Department of Medicine, Duke University School of Medicine, Durham, North Carolina.
Manuscript received February 10, 2007; revised manuscript received February 26, 2007, accepted February 26, 2007.
* Reprint requests and correspondence: Dr. Steven V. Manoukian, Emory University School of Medicine, Emory Crawford Long Hospital, 550 Peachtree Street, MOT, 6th Floor, Cardiology, Atlanta, Georgia 30308. (Email: steven.manoukian{at}emory.edu).
Objectives: The purpose of this study was to determine the predictors of major bleeding and the impact of major bleeding on outcomes, including mortality, in acute coronary syndromes (ACS).
Background: Whether major bleeding independently predicts mortality in patients with ACS undergoing an early invasive strategy is undefined.
Methods: Patients (n = 13,819) with moderate- and high-risk ACS were randomized to heparin (unfractionated or enoxaparin) plus glycoprotein IIb/IIIa inhibition (GPI), bivalirudin plus GPI, or bivalirudin monotherapy (plus provisional GPI). Logistic regression was used to determine predictors of 30-day major bleeding and mortality.
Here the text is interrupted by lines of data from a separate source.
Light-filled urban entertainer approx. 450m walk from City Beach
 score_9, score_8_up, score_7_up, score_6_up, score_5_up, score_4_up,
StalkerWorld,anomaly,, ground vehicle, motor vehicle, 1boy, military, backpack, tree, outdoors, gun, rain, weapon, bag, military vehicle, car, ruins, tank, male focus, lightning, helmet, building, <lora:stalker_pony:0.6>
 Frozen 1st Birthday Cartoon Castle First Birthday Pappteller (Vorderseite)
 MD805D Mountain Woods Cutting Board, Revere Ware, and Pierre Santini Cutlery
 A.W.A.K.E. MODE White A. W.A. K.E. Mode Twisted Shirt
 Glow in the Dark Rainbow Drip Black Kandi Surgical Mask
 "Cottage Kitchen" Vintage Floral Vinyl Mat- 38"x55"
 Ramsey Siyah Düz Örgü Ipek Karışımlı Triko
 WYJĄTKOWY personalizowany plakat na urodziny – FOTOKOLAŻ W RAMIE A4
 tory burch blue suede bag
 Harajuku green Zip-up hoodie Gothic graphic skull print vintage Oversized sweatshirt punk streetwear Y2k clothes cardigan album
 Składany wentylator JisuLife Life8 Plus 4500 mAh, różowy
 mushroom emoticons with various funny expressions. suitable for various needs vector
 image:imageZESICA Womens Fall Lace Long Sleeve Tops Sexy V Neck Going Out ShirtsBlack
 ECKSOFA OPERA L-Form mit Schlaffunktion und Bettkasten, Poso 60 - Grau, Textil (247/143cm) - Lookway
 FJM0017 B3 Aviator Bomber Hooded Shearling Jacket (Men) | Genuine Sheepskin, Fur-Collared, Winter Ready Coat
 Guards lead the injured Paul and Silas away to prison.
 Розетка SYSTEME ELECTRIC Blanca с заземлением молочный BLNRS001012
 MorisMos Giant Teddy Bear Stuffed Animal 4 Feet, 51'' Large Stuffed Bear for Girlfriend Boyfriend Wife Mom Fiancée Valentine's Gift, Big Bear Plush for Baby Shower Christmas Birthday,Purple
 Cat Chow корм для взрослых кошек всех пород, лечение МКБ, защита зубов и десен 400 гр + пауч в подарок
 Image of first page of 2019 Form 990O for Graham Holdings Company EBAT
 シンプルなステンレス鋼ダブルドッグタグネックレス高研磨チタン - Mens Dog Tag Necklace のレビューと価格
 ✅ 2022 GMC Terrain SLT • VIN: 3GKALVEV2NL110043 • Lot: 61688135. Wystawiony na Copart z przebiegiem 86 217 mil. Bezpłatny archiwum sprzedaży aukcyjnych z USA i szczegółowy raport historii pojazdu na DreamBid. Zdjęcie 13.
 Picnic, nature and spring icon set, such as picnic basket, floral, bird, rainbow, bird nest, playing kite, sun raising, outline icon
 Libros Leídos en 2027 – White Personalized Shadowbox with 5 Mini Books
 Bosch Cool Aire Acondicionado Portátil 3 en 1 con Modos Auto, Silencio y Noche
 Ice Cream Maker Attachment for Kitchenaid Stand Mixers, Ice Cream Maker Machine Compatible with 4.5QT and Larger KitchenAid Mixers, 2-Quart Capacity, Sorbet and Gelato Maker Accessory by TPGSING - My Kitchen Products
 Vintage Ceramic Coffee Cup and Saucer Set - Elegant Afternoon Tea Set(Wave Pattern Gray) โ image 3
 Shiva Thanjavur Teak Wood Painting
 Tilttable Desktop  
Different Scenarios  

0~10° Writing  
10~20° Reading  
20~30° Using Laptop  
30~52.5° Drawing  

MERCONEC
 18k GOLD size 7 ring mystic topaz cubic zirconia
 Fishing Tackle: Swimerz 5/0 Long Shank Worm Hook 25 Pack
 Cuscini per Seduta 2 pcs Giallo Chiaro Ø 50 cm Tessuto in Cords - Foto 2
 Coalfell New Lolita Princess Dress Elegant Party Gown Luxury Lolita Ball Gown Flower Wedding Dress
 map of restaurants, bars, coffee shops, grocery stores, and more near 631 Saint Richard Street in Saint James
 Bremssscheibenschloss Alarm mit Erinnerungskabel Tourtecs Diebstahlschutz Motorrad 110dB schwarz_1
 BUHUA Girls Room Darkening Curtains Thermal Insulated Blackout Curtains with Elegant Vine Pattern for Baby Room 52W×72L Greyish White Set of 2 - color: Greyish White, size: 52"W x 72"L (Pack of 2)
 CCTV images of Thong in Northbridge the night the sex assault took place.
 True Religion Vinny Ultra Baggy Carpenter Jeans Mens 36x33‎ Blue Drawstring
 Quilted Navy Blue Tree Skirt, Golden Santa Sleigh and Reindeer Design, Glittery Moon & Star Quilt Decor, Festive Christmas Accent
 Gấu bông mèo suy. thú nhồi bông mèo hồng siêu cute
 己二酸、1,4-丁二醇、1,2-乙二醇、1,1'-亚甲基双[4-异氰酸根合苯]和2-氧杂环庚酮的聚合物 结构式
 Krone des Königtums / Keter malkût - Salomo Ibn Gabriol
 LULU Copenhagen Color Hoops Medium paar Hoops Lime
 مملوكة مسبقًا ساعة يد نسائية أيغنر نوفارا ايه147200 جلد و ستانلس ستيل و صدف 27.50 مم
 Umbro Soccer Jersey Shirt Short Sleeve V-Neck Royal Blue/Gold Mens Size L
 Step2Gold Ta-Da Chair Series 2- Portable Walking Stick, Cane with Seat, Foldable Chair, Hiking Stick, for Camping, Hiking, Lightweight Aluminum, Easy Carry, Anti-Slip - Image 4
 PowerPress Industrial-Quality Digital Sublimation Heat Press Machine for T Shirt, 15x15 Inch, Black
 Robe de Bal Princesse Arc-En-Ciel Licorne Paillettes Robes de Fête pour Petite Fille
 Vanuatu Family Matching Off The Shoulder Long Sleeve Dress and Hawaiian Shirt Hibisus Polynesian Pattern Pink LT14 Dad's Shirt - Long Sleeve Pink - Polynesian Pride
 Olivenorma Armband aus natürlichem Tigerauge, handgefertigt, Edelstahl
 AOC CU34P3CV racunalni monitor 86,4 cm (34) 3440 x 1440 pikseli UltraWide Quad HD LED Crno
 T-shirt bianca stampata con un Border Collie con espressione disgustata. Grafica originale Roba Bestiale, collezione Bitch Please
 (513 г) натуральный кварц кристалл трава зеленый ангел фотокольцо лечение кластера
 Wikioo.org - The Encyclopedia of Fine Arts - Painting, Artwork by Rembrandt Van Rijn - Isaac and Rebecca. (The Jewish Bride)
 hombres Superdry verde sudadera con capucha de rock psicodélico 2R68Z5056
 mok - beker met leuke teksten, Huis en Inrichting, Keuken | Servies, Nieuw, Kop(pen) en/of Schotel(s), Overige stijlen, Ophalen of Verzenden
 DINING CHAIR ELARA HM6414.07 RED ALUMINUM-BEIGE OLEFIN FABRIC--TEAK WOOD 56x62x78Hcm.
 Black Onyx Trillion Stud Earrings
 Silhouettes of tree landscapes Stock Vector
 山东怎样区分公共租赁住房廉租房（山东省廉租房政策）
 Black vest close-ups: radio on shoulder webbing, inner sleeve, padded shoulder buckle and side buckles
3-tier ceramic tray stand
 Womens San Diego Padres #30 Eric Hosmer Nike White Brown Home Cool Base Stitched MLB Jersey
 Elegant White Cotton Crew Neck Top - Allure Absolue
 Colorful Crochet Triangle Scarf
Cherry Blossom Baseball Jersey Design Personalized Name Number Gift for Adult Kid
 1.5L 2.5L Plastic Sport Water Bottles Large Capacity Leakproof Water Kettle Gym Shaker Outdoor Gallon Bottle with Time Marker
Results: Major bleeding rates in patients treated with heparin plus GPI were higher versus bivalirudin monotherapy (5.7% vs. 3.0%, p < 0.001) and similar versus bivalirudin plus GPI (5.7% vs. 5.3%, p = 0.38). Independent predictors of major bleeding were advanced age, female gender, diabetes, hypertension, renal insufficiency, anemia, no prior percutaneous coronary intervention, cardiac biomarker elevation, ST-segment deviation
1 mm, and treatment with heparin plus GPI versus bivalirudin monotherapy. Patients with major bleeding had higher 30-day rates of mortality (7.3% vs. 1.2%, p < 0.0001), composite ischemia (23.1% vs. 6.8%, p < 0.0001), and stent thrombosis (3.4% vs. 0.6%, p < 0.0001) versus those without major bleeding. Major bleeding was an independent predictor of 30-day mortality (odds ratio 7.55, 95% confidence interval 4.68 to 12.18, p < 0.0001).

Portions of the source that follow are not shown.